#### Data for review

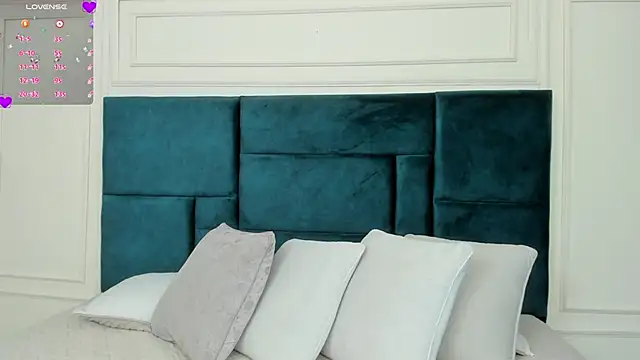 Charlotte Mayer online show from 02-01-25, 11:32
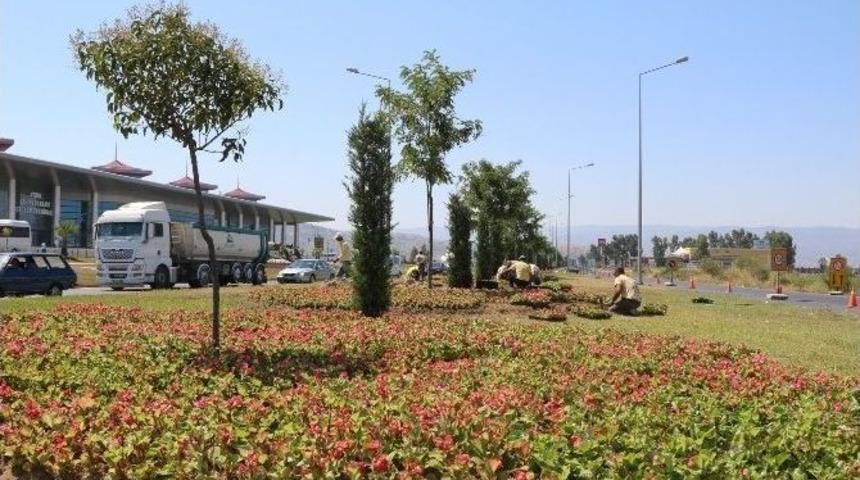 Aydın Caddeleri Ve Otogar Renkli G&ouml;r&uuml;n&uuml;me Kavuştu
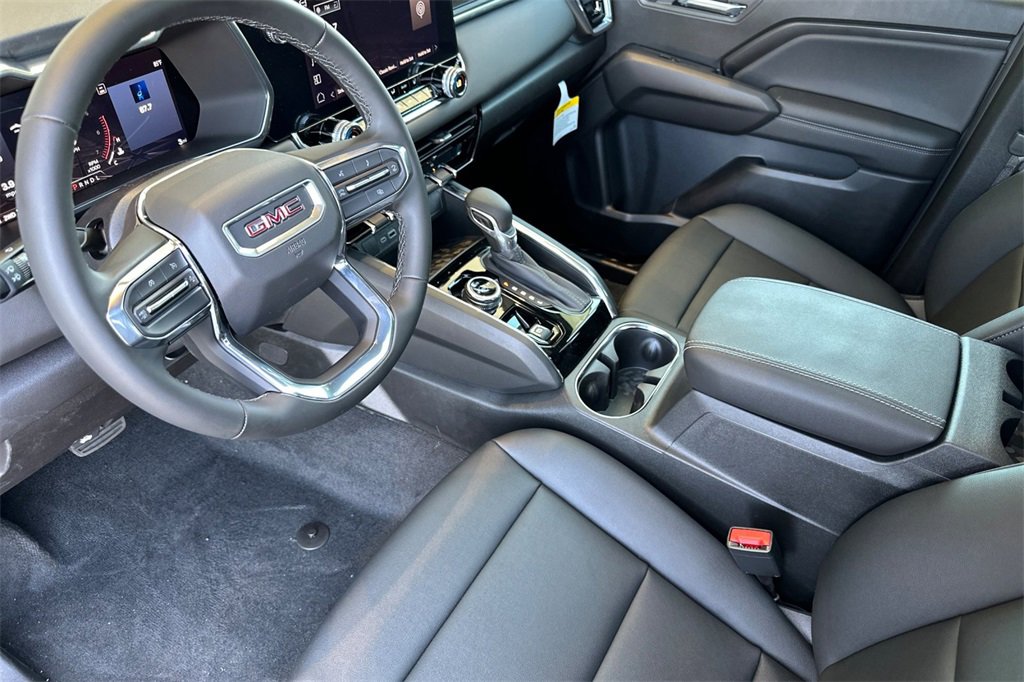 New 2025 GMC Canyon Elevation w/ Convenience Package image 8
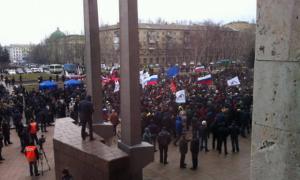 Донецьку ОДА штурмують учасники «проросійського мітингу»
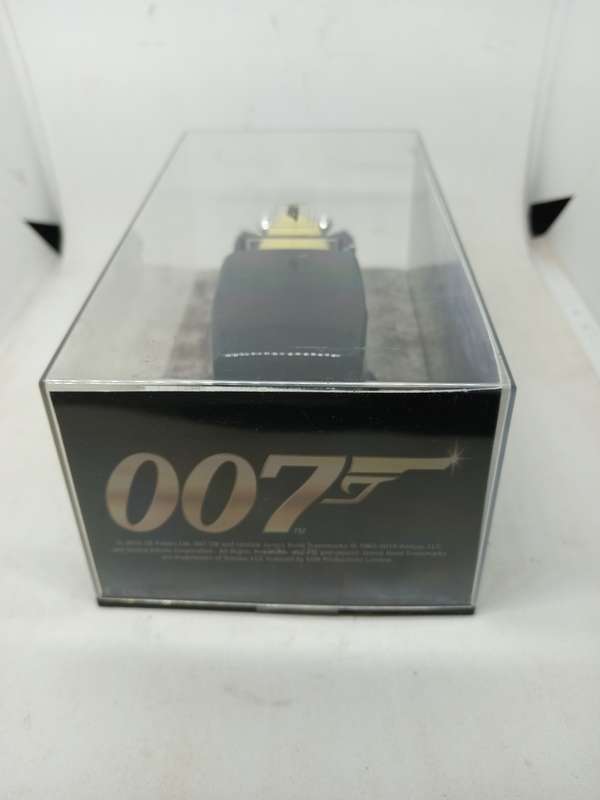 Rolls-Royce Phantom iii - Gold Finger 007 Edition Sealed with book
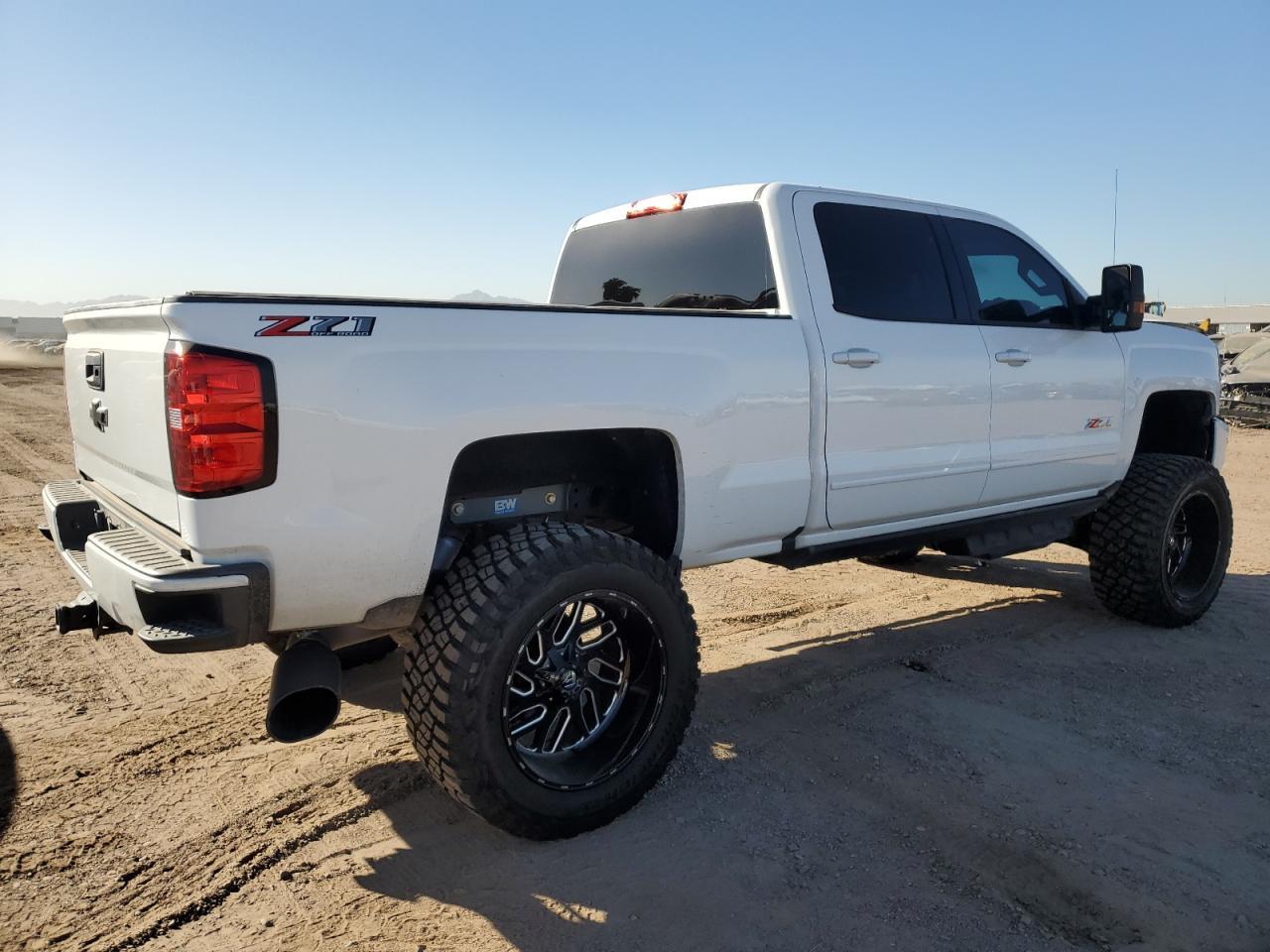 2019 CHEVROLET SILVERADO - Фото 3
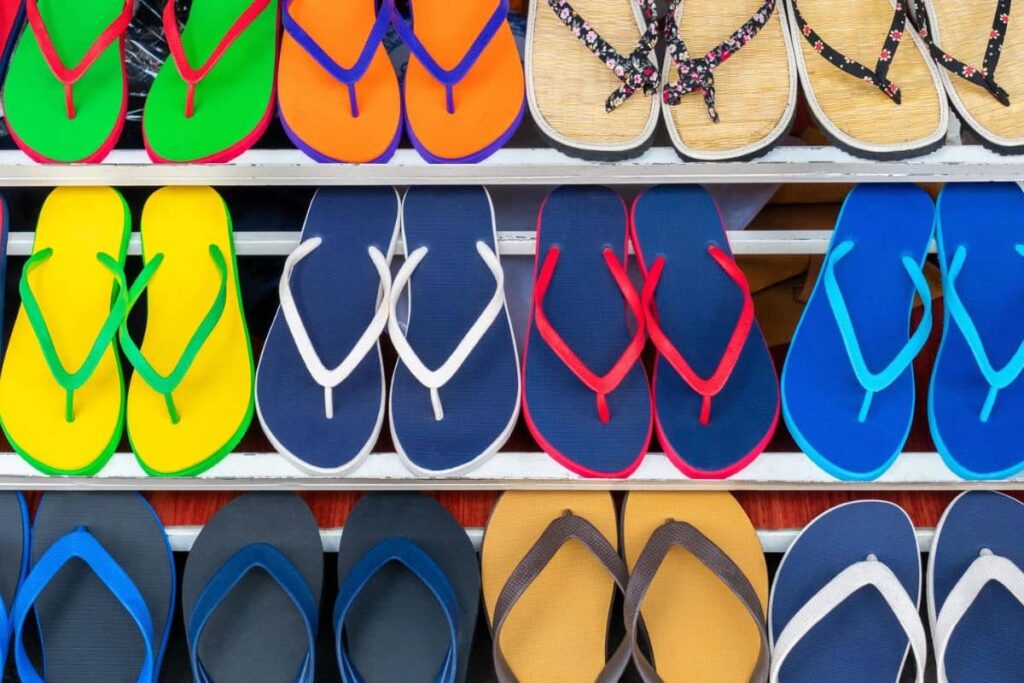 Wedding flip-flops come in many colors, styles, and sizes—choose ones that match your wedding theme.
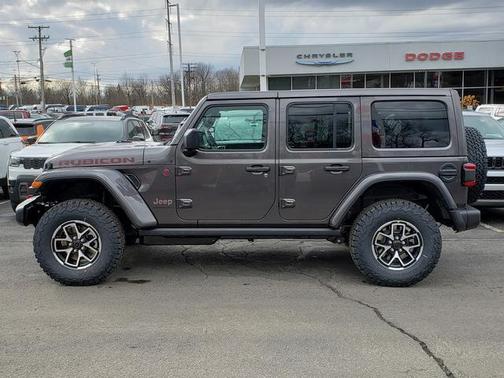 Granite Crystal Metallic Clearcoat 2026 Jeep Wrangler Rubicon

########
#### Data for review

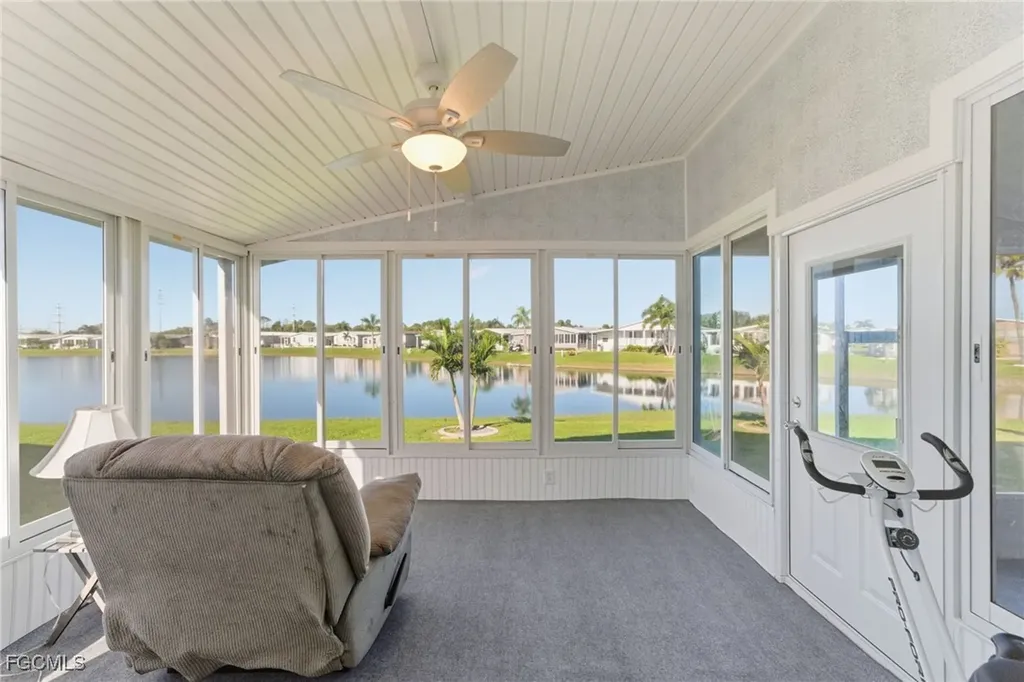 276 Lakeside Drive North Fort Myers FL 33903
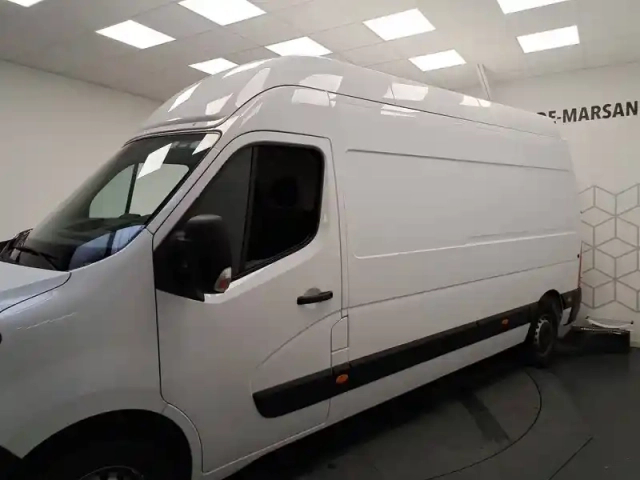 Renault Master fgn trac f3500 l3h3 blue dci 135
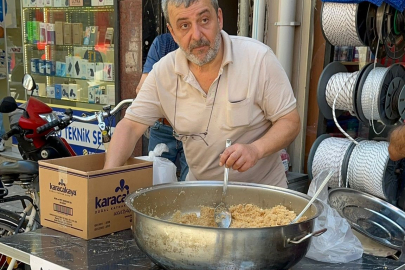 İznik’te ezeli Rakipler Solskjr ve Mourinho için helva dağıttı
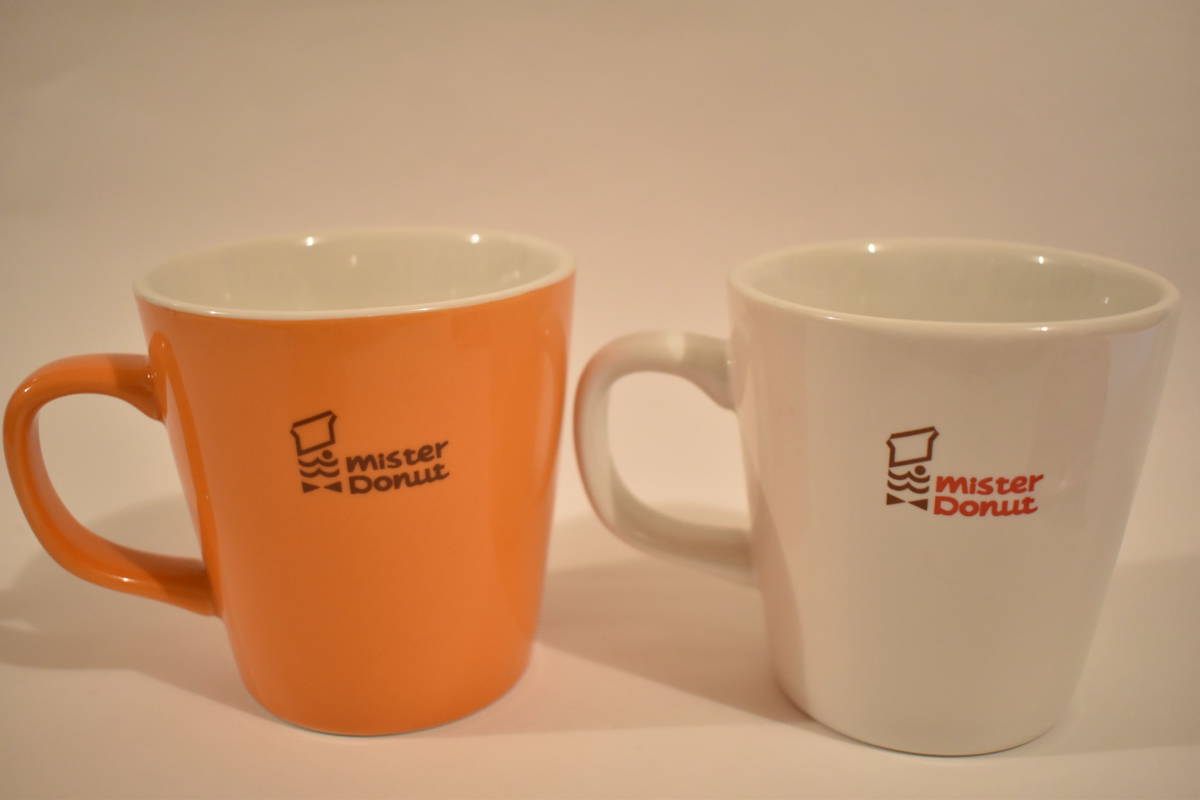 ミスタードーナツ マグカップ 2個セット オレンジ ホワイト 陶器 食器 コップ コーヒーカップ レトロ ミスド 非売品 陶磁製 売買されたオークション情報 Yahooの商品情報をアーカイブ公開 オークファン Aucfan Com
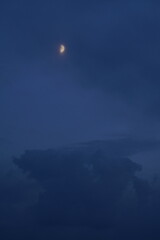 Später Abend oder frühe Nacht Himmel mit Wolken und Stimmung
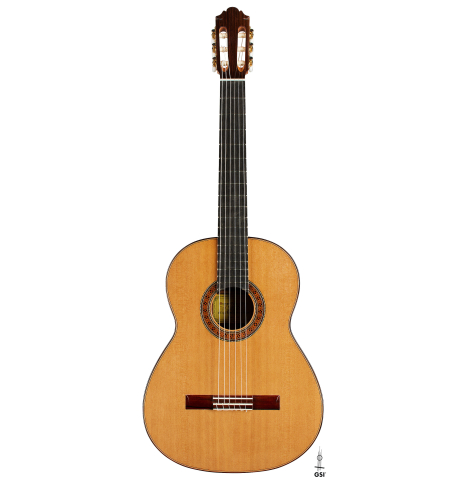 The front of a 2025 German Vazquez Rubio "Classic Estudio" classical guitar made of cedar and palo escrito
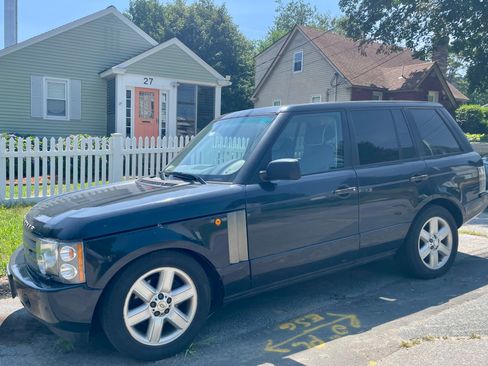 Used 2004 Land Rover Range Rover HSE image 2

########
#### Data for review

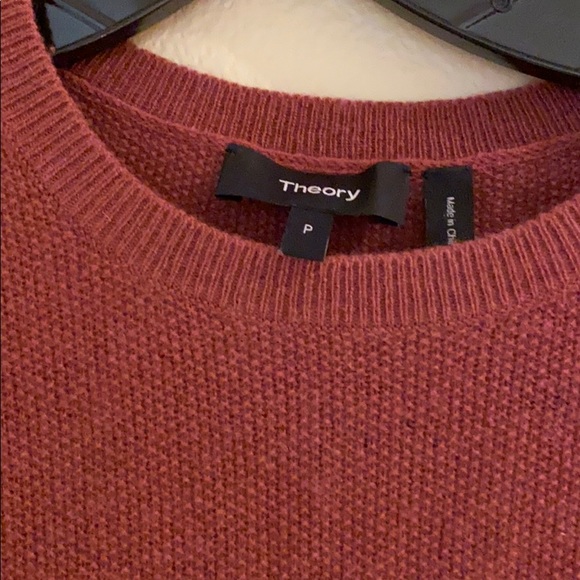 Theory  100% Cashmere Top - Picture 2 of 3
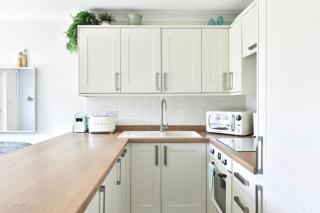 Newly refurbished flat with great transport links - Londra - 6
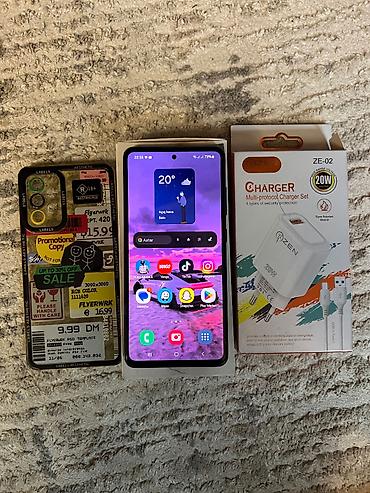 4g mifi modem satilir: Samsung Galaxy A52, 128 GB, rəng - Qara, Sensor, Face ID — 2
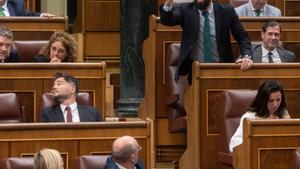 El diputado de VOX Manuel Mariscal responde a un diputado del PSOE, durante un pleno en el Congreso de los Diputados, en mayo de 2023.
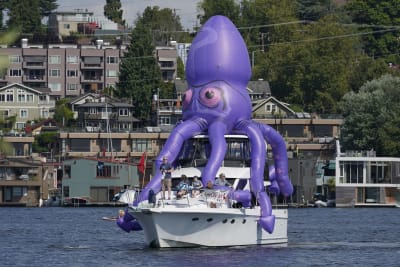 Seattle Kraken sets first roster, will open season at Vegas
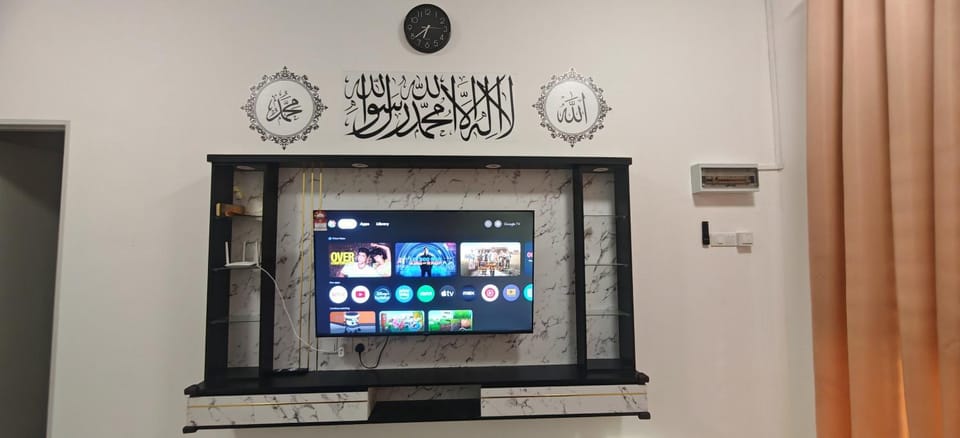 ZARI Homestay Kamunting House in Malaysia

########

### Task directions
When you reach the line with "Aydın Caddeleri Ve" in the records above, start writing out each line exactly, and stop after the line with "Granite Crystal Metallic". Pictures stay out.

### Exercise output
 Aydın Caddeleri Ve Otogar Renkli G&ouml;r&uuml;n&uuml;me Kavuştu
 New 2025 GMC Canyon Elevation w/ Convenience Package image 8
 Донецьку ОДА штурмують учасники «проросійського мітингу»
 Rolls-Royce Phantom iii - Gold Finger 007 Edition Sealed with book
 2019 CHEVROLET SILVERADO - Фото 3
 Wedding flip-flops come in many colors, styles, and sizes—choose ones that match your wedding theme.
 Granite Crystal Metallic Clearcoat 2026 Jeep Wrangler Rubicon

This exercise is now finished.